You look at the equity markets in the US and that certainly dominates the headlines. That’s it in the US being the largest equity market globally, it’s 38 trillion. That’s a huge figure, but the bond market is actually bigger. The debt markets are much bigger, it’s 41 trillion in the US alone. Then when you include foreign debt, a lot of which is denominated in dollars, then you’re actually looking at a figure that’s 114 trillion.

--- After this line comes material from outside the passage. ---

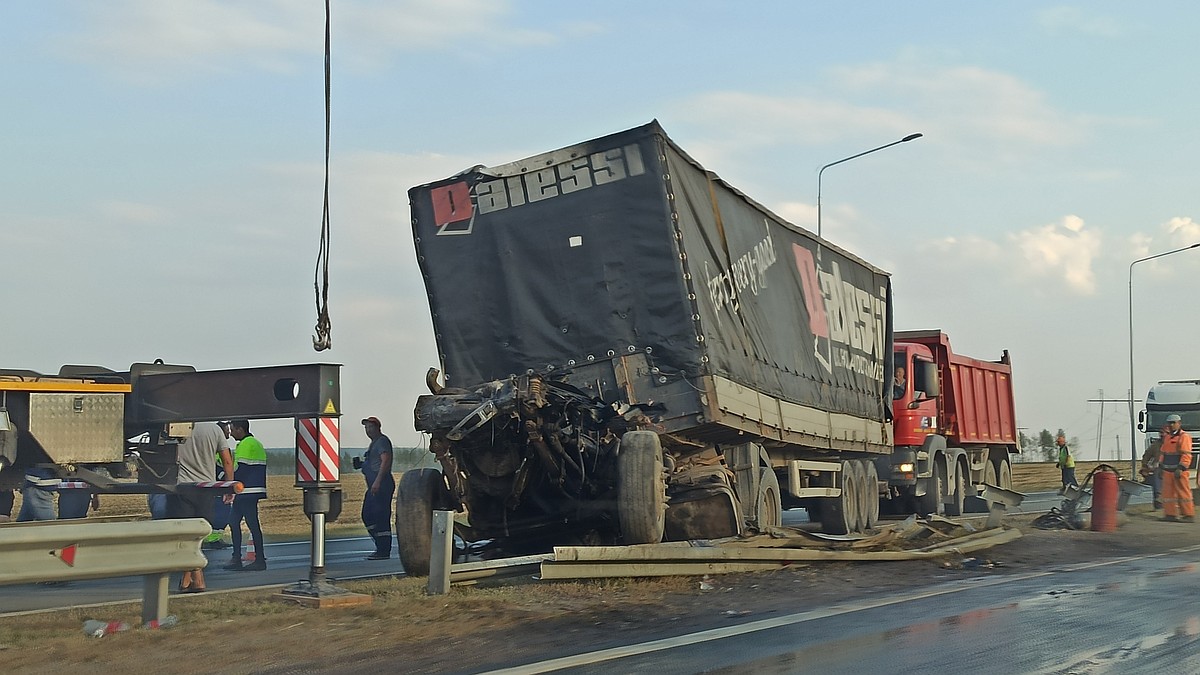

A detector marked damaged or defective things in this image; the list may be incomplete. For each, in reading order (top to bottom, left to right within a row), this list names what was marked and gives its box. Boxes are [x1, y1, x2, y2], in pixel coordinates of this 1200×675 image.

severely damaged truck cab [408, 121, 1016, 572]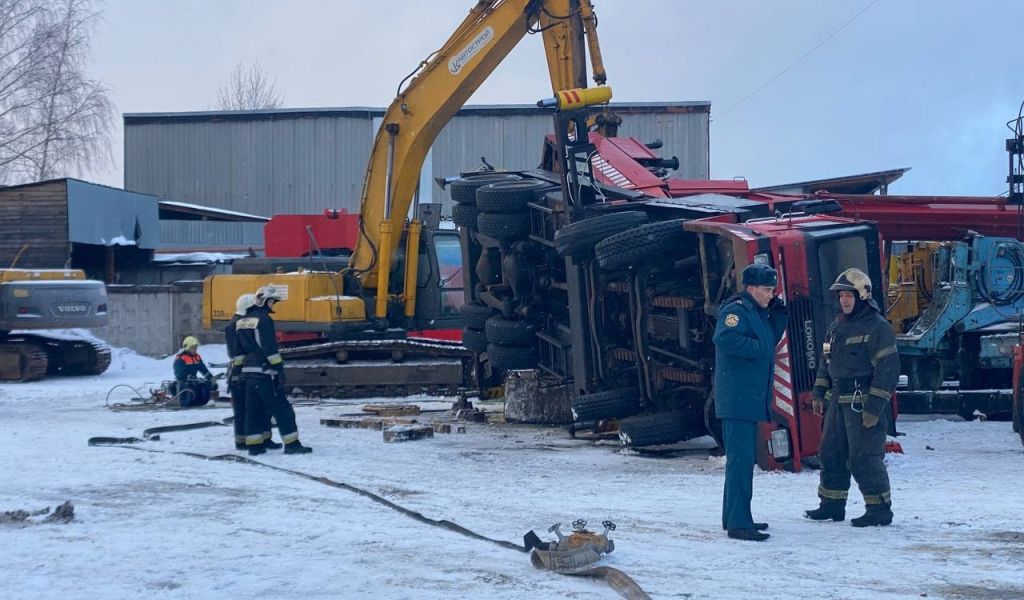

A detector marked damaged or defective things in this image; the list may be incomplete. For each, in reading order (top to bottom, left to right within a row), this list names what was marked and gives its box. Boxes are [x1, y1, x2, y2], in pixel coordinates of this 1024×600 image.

overturned red crane truck [452, 101, 892, 466]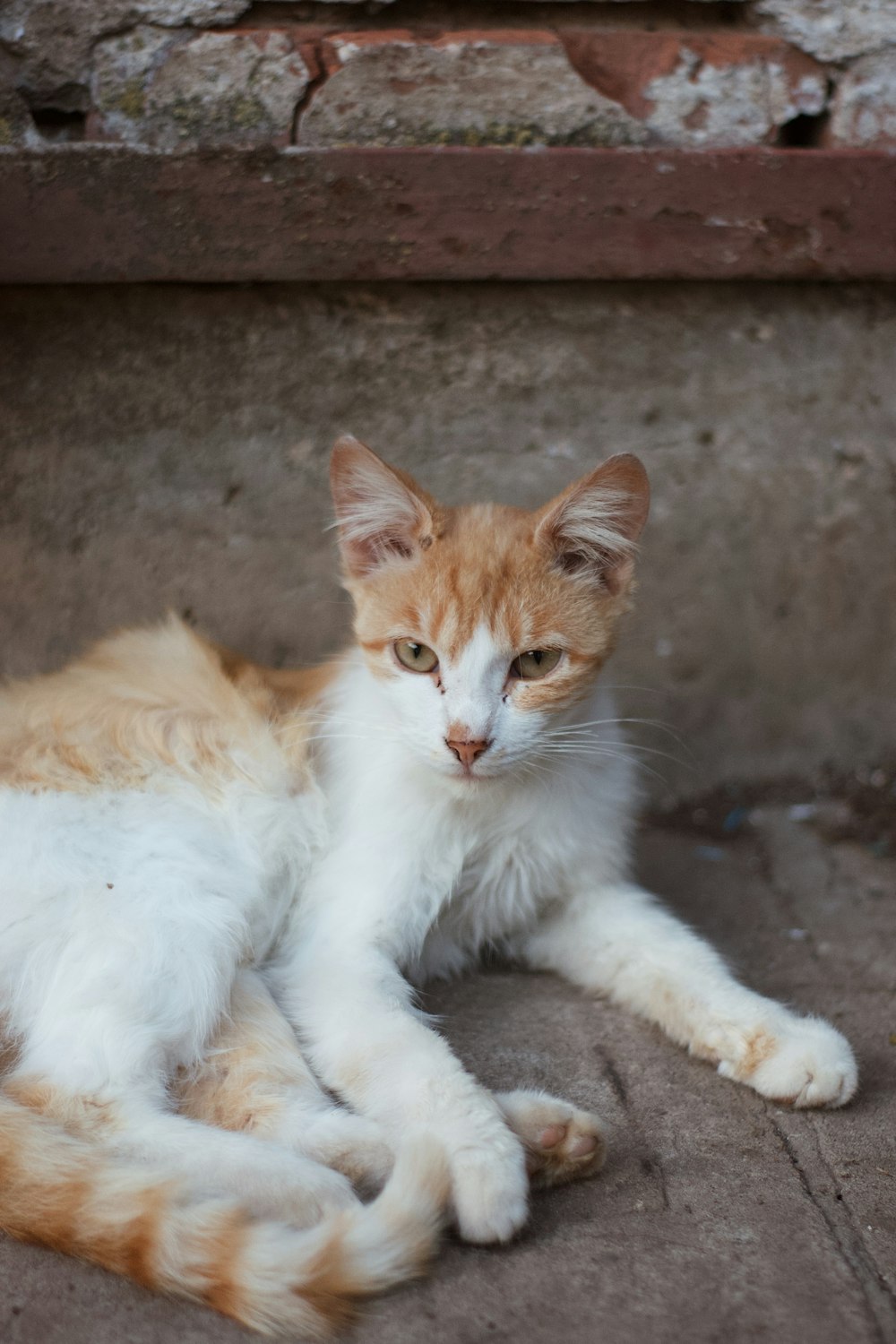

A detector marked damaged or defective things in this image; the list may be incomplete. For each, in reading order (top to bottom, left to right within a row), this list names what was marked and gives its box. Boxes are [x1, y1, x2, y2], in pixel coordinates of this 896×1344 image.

So it’s this huge part of the market that from an individual’s perspective is often kind of more on the sidelines because it’s difficult to gain access to debt markets that usually require a lot more capital. That’s why you see mutual funds and hedge funds that sort of dominate these spaces, but it does not have to be that way.

That’s one of the goals of my firm to help gain access for individual investors to products that they may not have otherwise gain exposure to. I really think they should, because there are great advantages to that, especially when you’re talking about drivers like demographics.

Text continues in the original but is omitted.